Não ache que uma técnica de magia o tornará poderoso. São poucas as que de fato são úteis e elas não estão nas mãos dos comuns, mas sim com os nobres. Isso pode até te desmotivar, mas se lembre desse conselho que vou te dar. Magia não é mana, magia é controle.

Aquela frase, por algum motivo, fixou-se na mente de Arnok. Ele viu com outros olhos os nomes que Kanrai havia citado antes. Percebeu que já não pensava mais sobre seu pesadelo ou sobre suas mãos.

“Arnok!” Hiotum o chamou.

“Sim?” Perguntou sem tirar os olhos do livro.

“Chegamos.”

Surpreso com aquilo, Arnok guardou o livro e foi o mais rápido possível para o banco da frente. Ele escancarou a boca.

A cidade era rodeada por um muro de talvez vinte metros de altura, que se estendia até onde a vista alcançava, feito de grossos blocos de pedra e, no topo, dava para ver vários soldados fazendo patrulha. O portão era tão grandioso quanto.

“Aqui já é a capital?” Arnok perguntou, sentindo-se um idiota por fazer uma pergunta dessas.

“Não exatamente, aqui é a periferia.” Hiotum respondeu.

“Parados!” Alguém gritou do alto do muro. 

Hiotum parou a carroça e esperou. Depois de algum tempo um oficial trajando algumas peças simples de armadura e uma cota de malha veio correndo do portão para o lado da carroça.

Ele arfava depois daquela breve corrida. Era um sujeito jovem, com talvez menos de vinte anos, e sua longa cauda peluda na cor bege entregou sua raça, um simiomono.

“Qual o motivo da vinda dos senhores?” Recuperando o fôlego, questionou.

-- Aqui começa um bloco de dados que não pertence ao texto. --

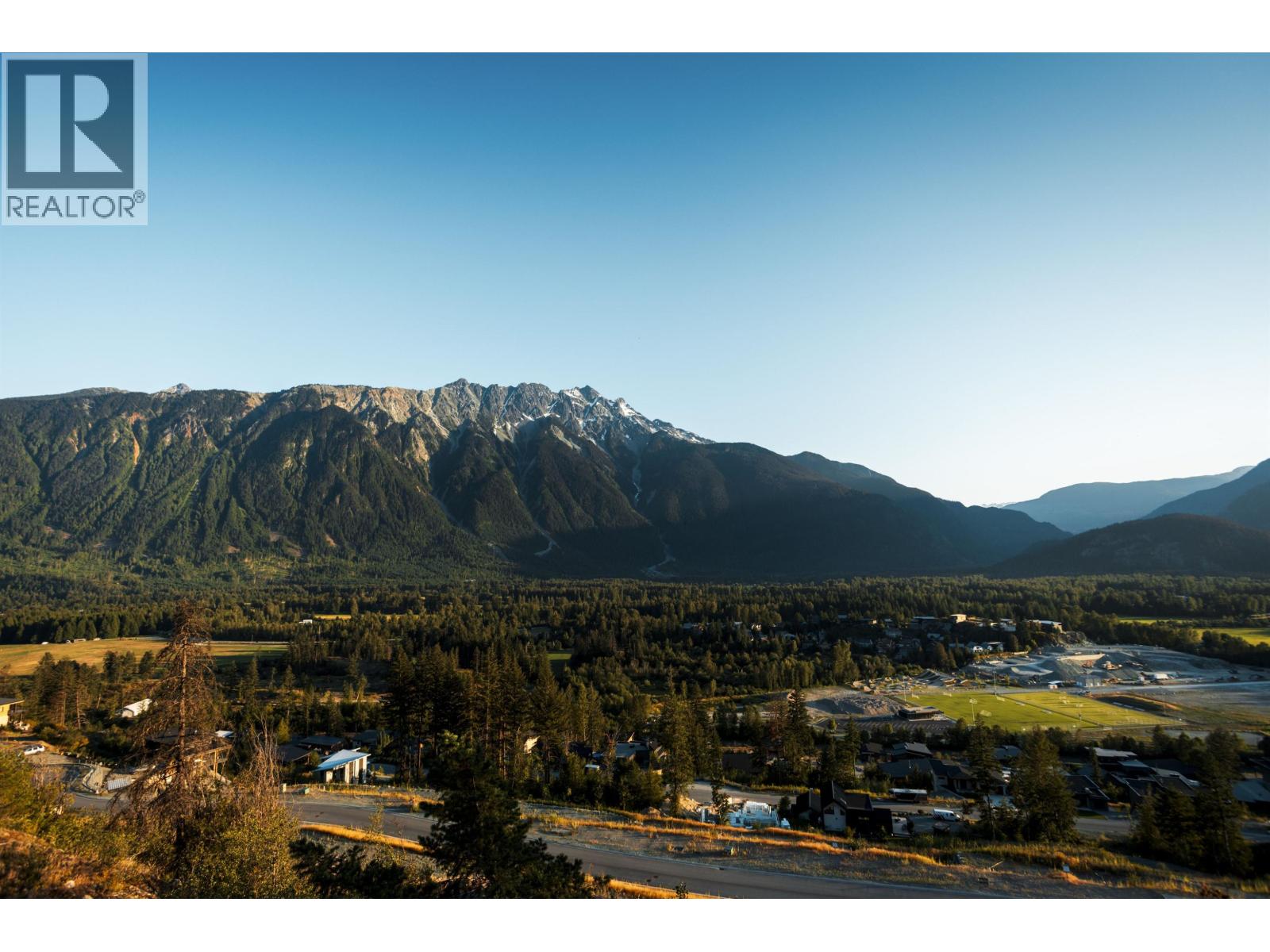 9002 Sun God Mountain Way, Pemberton, BC V0N 2L3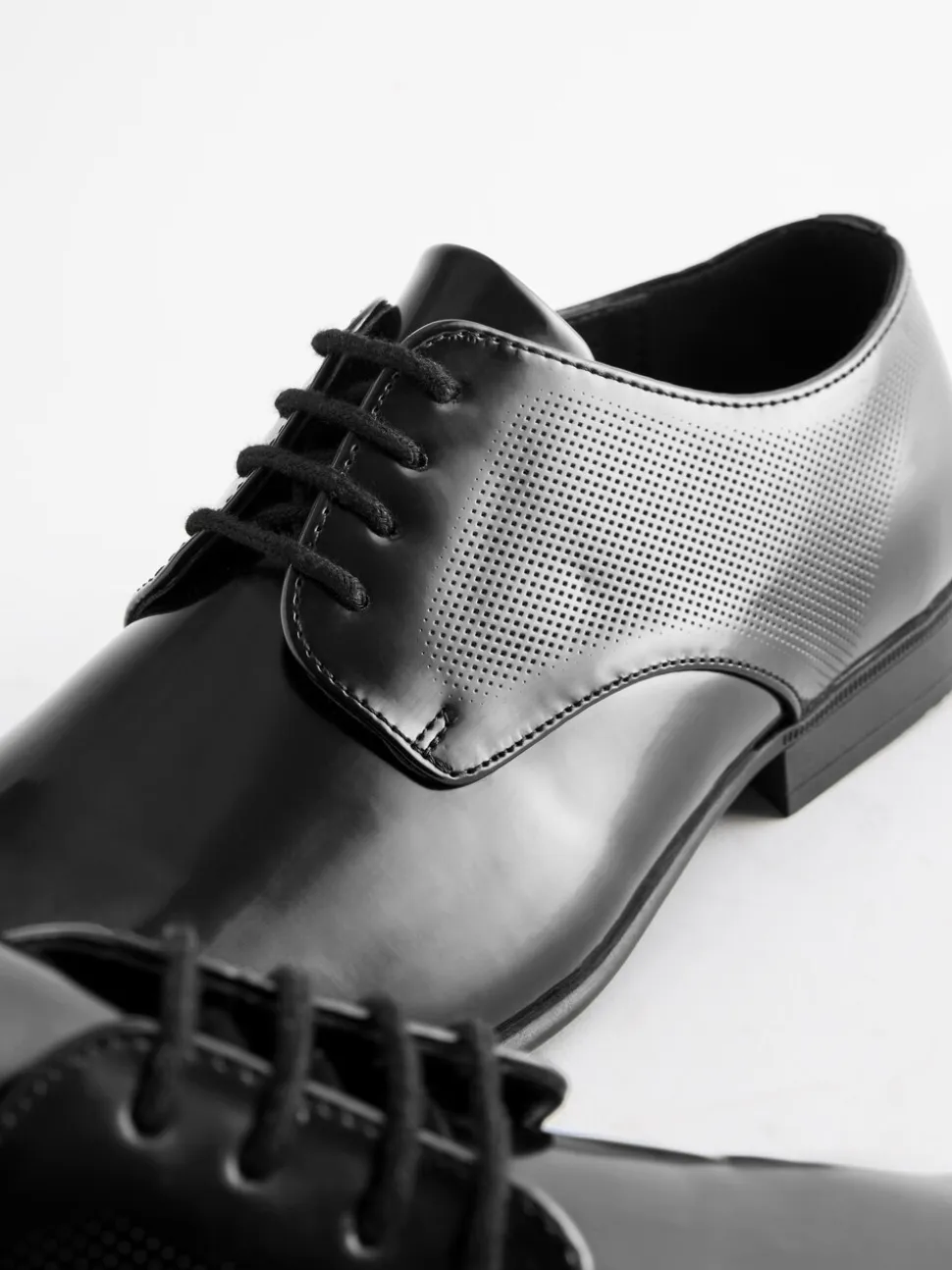 Hoogglans zwart - Derbyschoenen met veter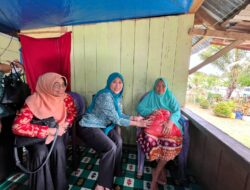 TP PKK Muna Barat Beri Bantuan Sembako Jelang Idul Fitri 2025 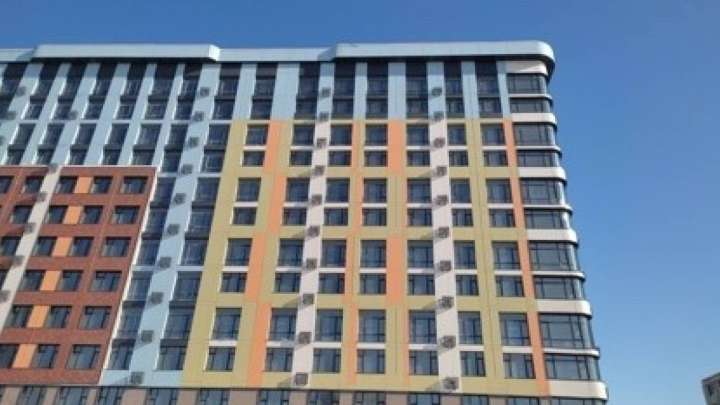 Астанада үй қасбетінің бір бөлігі құлап, адамдар зардап шекті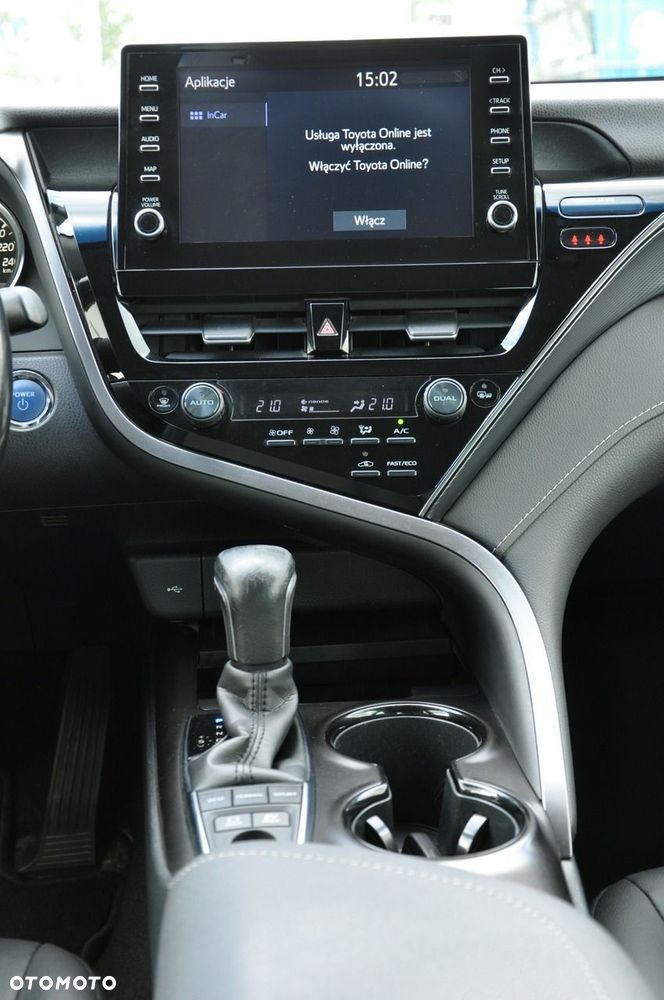 Toyota Camry - 27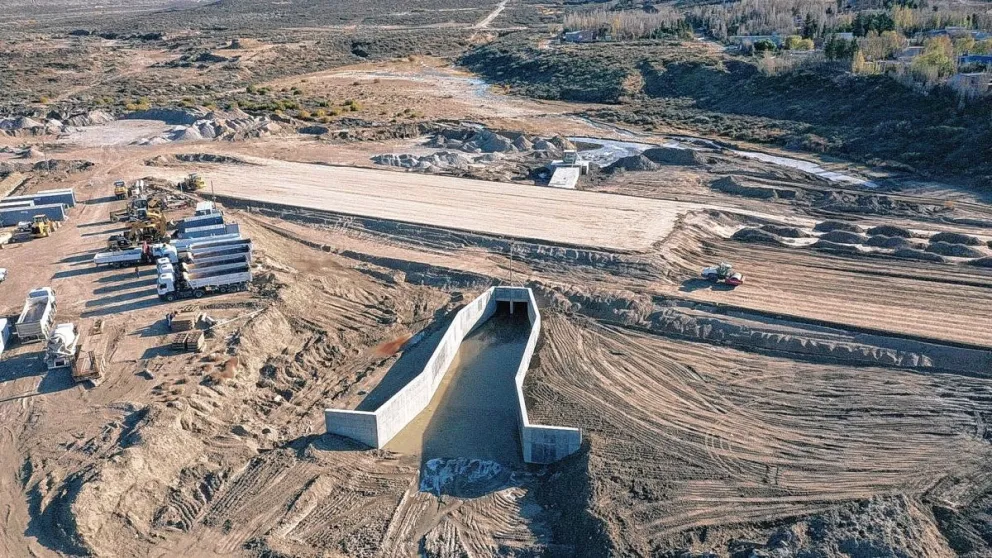 Se inauguró el Reservorio 04, una obra para minimizar el impacto de las grandes precipitaciones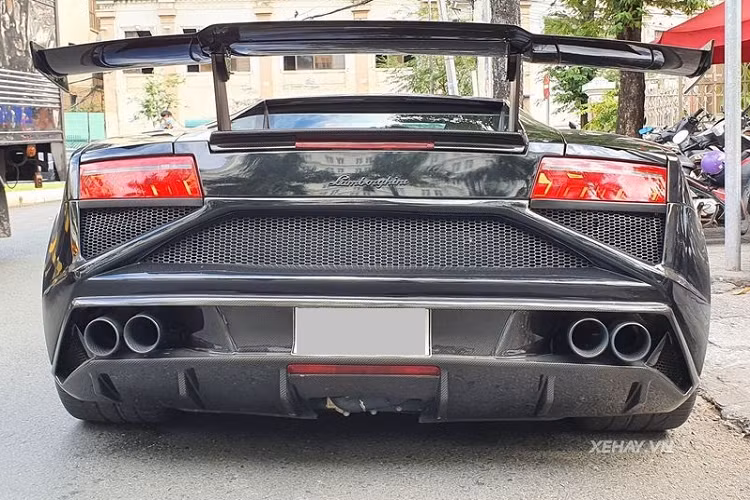 Lamborghini Gallardo độ bodykit Squadra Corse cũng đã được lên đời hệ thống ống xả hiệu Capristo cho âm thanh to hơn, "đã tai" hơn nguyên bản. Bộ la-zăng 5 chấu lạ mắt sơn đen bóng của siêu xe Ý cũng giúp xe trở nên nổi bật và hầm hố hơn.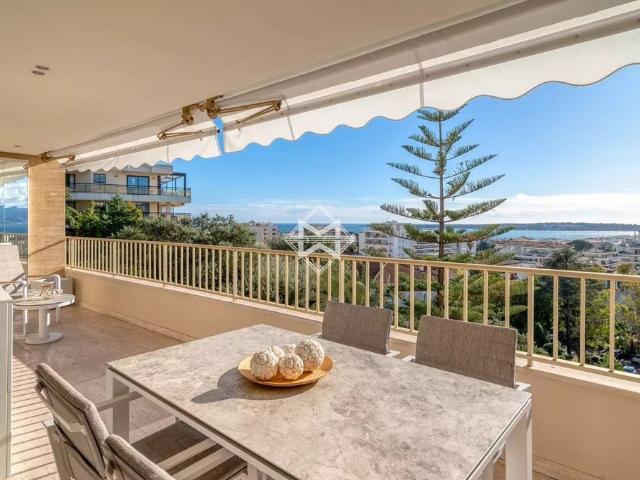 Appartement de 3 chambres de luxe en vente à Cannes, France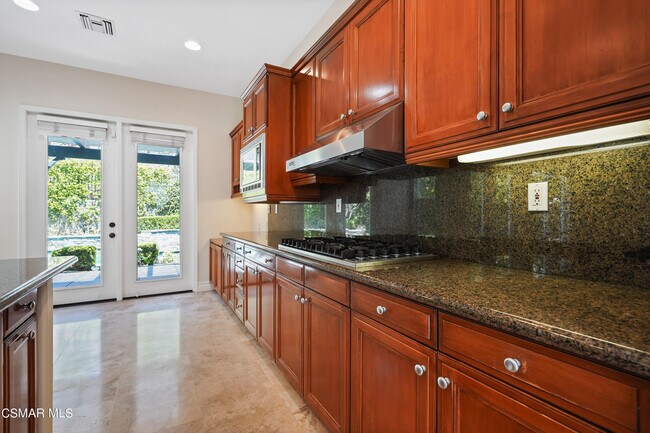 Building Photo - 6077 Mandeville Pl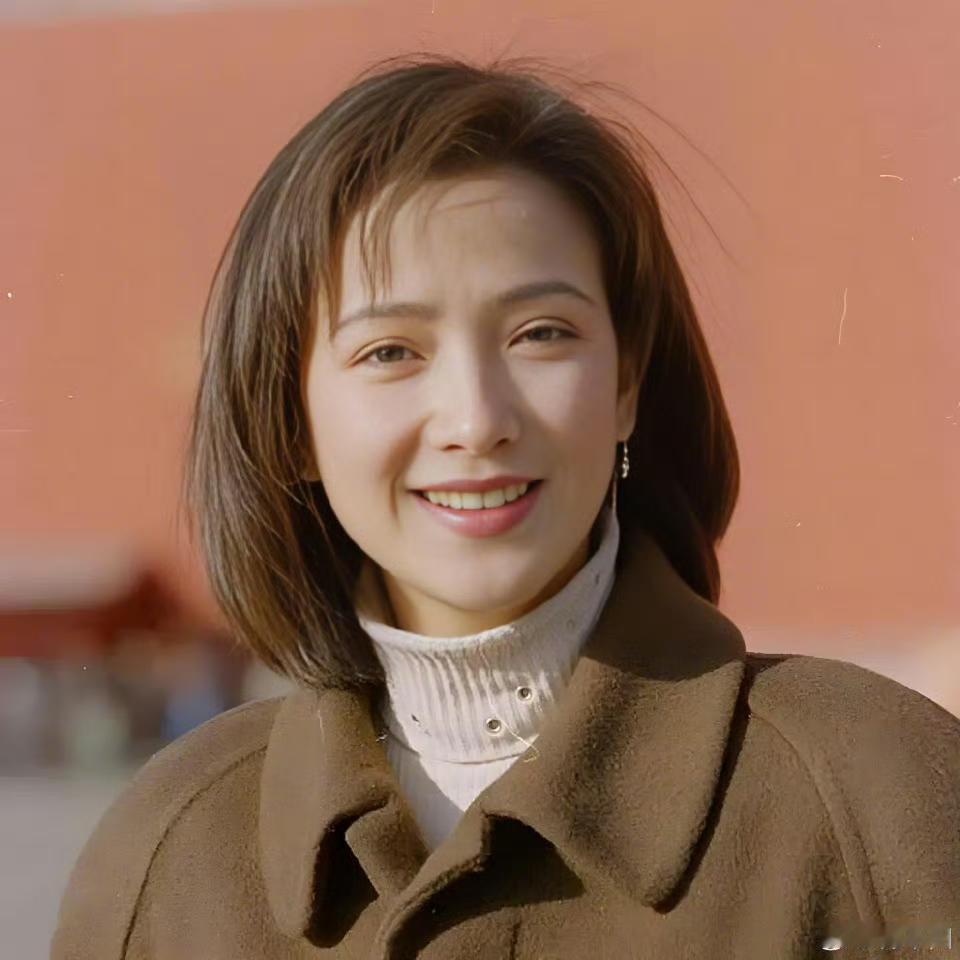 送别何晴：那个演遍四大名著的古典美人，终究成了时光绝响
 
12月13日，演员何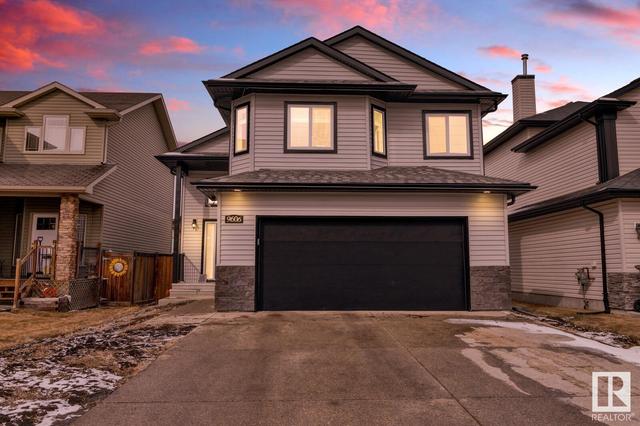 9606 83 Av, House detached with 5 bedrooms, 3 bathrooms and null parking in Morinville AB | Image 2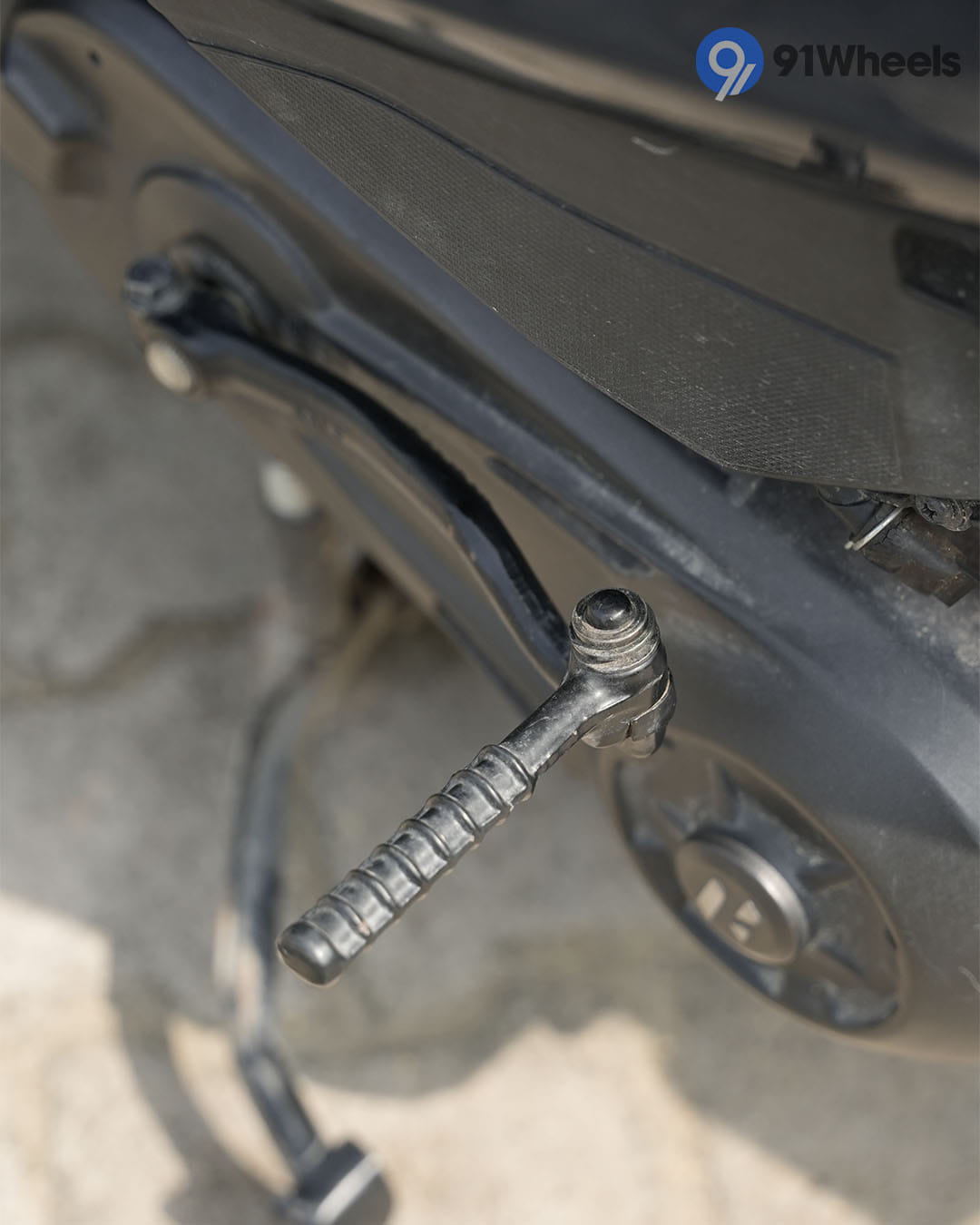 Stands & Utility - 7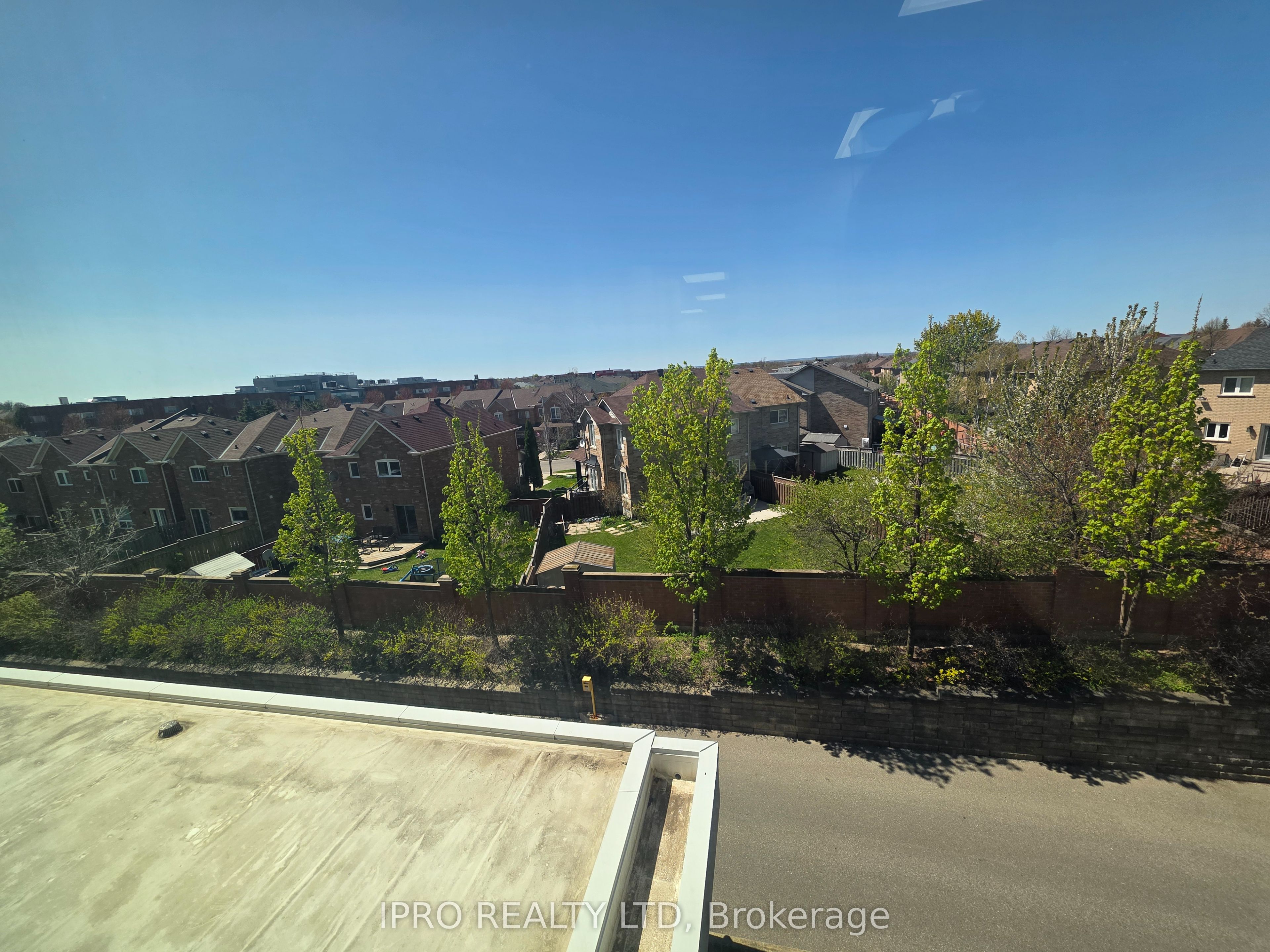 #307 - 2250 Bovaird Drive Property Photo 6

Hiotum não disse nada. Apenas procurou nos seus bolsos um emblema de ouro cheio de entalhes, e mostrou para o simio na sua frente. 

“Estou retornando para a academia.”

Quando o soldado viu o emblema, uma expressão de surpresa apareceu no seu rosto e rapidamente ficou em posição de respeito. 

“Desculpe-me pela insolência, senhor. Seja bem vindo de volta!” O soldado disse. Uma gota de suor passou no seu rosto e engoliu em seco. 

“Oras, não se preocupe com isso. Descansar.” Hiotum falou, balançando as mãos, dispensando toda aquela formalidade. O soldado relaxou ainda um mínimo de respeito por Hiotum, foi então que ele viu Arnok.

“Desculpe a ousadia senhor. Mas quem é o sujeito do seu lado?”

“Ele é meu novo discípulo.” Hiotum afirmou, abrindo um grande sorriso. O sujeito arregalou os olhos como resposta. “Podemos passar então?”

“Oh, sim.” Ele se virou de volta para o muro e colocou as mãos ao redor da boca e gritou: “É o Hiotum, podem liberar.”

O grande portão abriu rangendo. Todo aquele tamanho fazia Arnok pensar como eles conseguiam abrir aquilo.

“Seja bem-vindo de volta senhor, e tenha um bom dia!” O soldado falou, saindo de perto da carroça e liberando a passagem.

“Para você também.” 

Eles começaram a adentrar na cidade e Arnok estava muito ansioso.